▶ _RAW DATA_
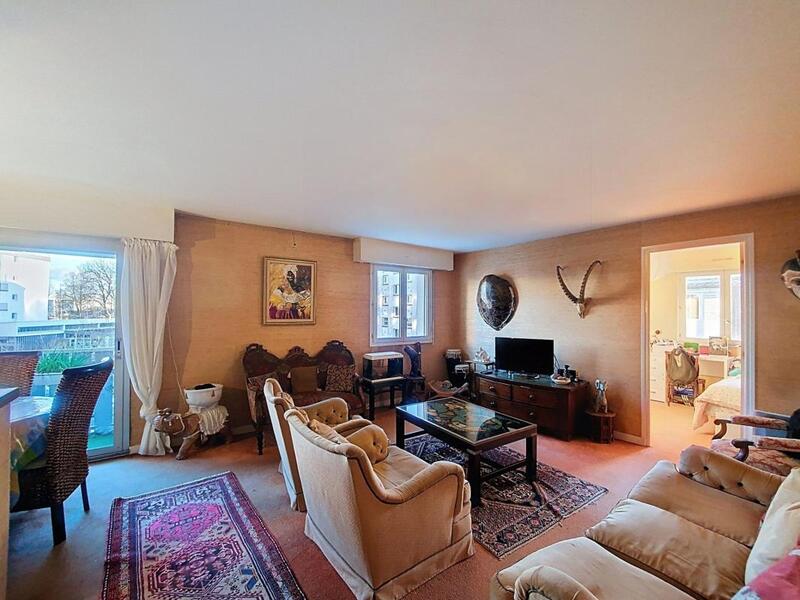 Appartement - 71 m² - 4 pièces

---

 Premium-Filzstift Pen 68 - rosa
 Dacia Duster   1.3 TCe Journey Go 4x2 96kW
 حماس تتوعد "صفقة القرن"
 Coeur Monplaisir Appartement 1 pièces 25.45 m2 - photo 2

▶ _PROBLEM STATEMENT_
Retype exactly the lines of the data above that fall between the line with "Go 4x2 96kW" and the line with "Coeur Monplaisir Appartement", inclusive, and add nothing.

▶ _EXERCISE RESULT_
 Dacia Duster   1.3 TCe Journey Go 4x2 96kW
 حماس تتوعد "صفقة القرن"
 Coeur Monplaisir Appartement 1 pièces 25.45 m2 - photo 2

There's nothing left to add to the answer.